How to Go Really Big in AI: Strategies & Principles for Distributed Machine Learning

Eric Xing - CMU

Dec. 10, 2015, 2:30 p.m. - Dec. 10, 2015, 3:30 p.m.

Room 103, McConnell


The rise of Big Data has led to new demands for Machine Learning (ML) systems to learn complex models with millions to billions of parameters that promise adequate capacity to digest massive datasets and offer powerful predictive analytics (such as high-dimensional latent features, intermediate representations, and decision functions) thereupon. In order to run ML algorithms at such scales, on a distributed cluster with 10s to 1000s of machines, it is often the case that significant engineering efforts are required --- and one might fairly ask if such engineering truly falls within the domain of ML research or not.
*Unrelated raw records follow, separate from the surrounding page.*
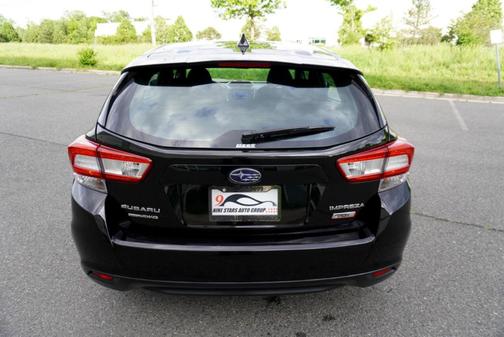 2017 Subaru Impreza 2.0i Sport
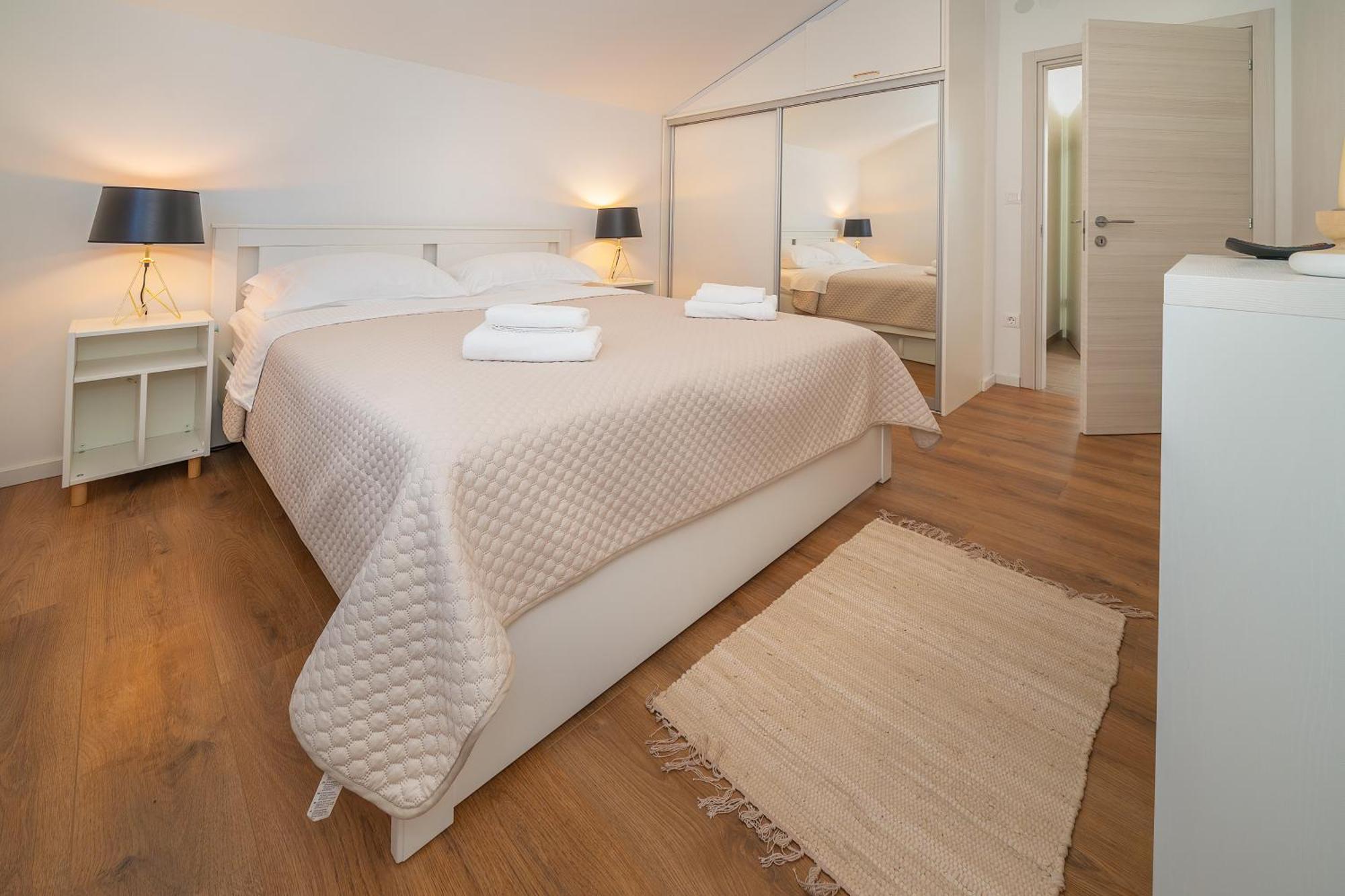 Poolside Apartments Anabella Baška Eksteriør bilde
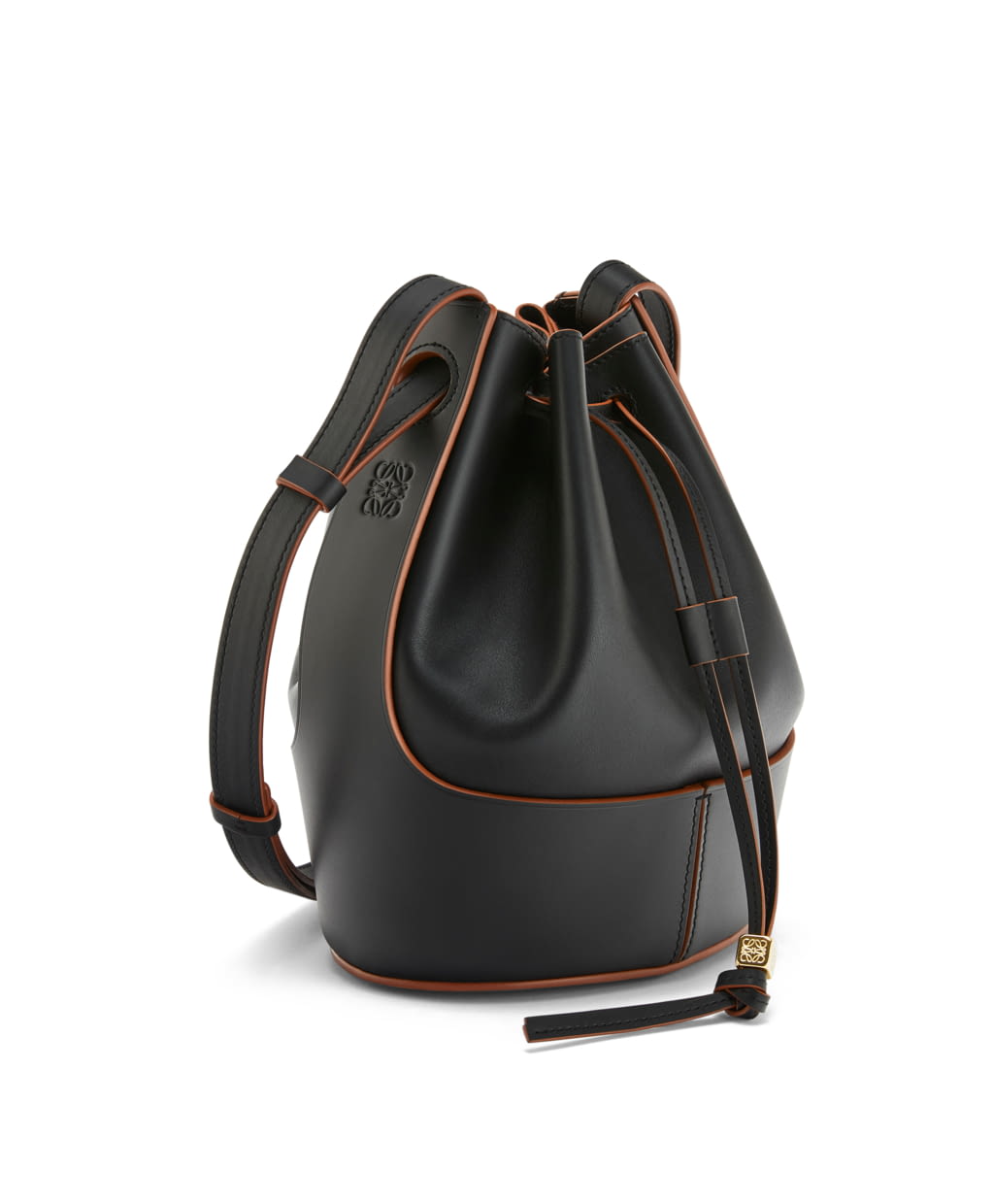 Fashion Week Paris Spring/Summer 2020 look 19 de la collection Loewe womenswear accessories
Taking the view that Big ML systems can indeed benefit greatly from ML-rooted statistical and algorithmic insights --- and that ML researchers should therefore not shy away from such systems design --- we discuss a series of principles and strategies distilled from our resent effort on industrial-scale ML solutions that involve a continuum from application, to engineering, and to theoretical research and development of Big ML system and architecture, on how to make them efficient and general. These principles concern four key questions which traditionally receive little attention in ML research: How to distribute an ML program over a cluster? How to bridge ML computation with inter-machine communication? How to perform such communication? What should be communicated between machines? By exposing underlying statistical and algorithmic characteristics unique to ML programs but not typical in traditional computer programs, and by dissecting successful cases of how we harness these principles to design both high-performance distributed ML software and general-purpose ML framework, we present opportunities for ML researchers and practitioners to further shape and grow the area that lies between ML and systems.

 

This is joint work with the CMU Petuum Team.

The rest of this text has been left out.